Well after getting into the install, I came to a decesion regarding the wiring of the pump. I had intended to run the wires on the tank to make the sender easier to remove, but after much pondering of the situation, I decided to run the wires the same way I did before. I also have installed a terminal block to the pump and sender wires so I can remove the sender without taking the wiring off of the sender. I pondered that issue of the connection for some time as well. I did find a very high quality connector I could have used, but decided the terminal block was the safest way to go. As I said, there really is no room for a screw up here floks, one spark and its all over. I did not feel the actual tank material was thick enough to install the wiring through. I wanted to make sure there would be zero issues with the wiring. I wanted to make the seder totally seperate from asnything dealing with the pump, but for sefety reasons I ran the wiring the way I felt was the safest, not as convenient, but safe.

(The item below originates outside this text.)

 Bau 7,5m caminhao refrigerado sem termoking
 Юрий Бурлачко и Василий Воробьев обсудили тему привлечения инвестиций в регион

This is the whole assembly of the pump and bracket. The bad thing about this setup is that I had to install the pump on the bracket after it was in the tank. I could not fit the pump through the sender hole. I did decided to assemble the output line and pickup on the pump and then secure it to the bracket Via the two clamps. This should be a good strong install. The hardest thing to do is tighten down the hose fitting and the pump wires with the sender partially installed into the tank, but it is not unmanageable. I used stainless steel hardware to secure the pickup bracket and the pump bracket and poly locks to ensure nothing would come lose and no rust. That was just a precaution as all of us know with the high quality of fuel here in the US the chances of water in the fuel is remote LOL yea right. The pump output hose is teflon. I am not a big fan of teflon hose, but I wanted to stay away from rubber for in the tank. I had to come up with a creative way of tightening the hose so it did not kink at the connection and leak. What I used was a spare spring clamp, cut the ears off so that it was basically a spring loaded metal circle and clamp. I then used a stock fuel injector clamp over the whole thing to tighten it down and get an even compression the entire circumference of the hose. The calmp is also stainless steel.
I used #10 oil proof and gasoline proof copper wire on the sender. I utilized wire crimp connectors, crimped the connector and also soldered the connector. I finished up the wires with heat schrink to add to the durability of the wire and to provide additional insulation for the crimp connector. One Note: I have also ran #10 wire from the fuel pump relay all the way back to the fuel pump. I learned early on that there was a voltage drop across the stock wiring when the pump was requiring a good amount of current to pump the fuel at high pressure levels. Unfortunately, the bigger wire did not solve my problem so that is when I did the twin turbo fuel pump in the car.
Anyway, that is about it for the in tank fuel pump.
Fuel Pump Selection answers
When I first started doing upgrades to my car the first thing I had to do was to install a high flow fuel pump.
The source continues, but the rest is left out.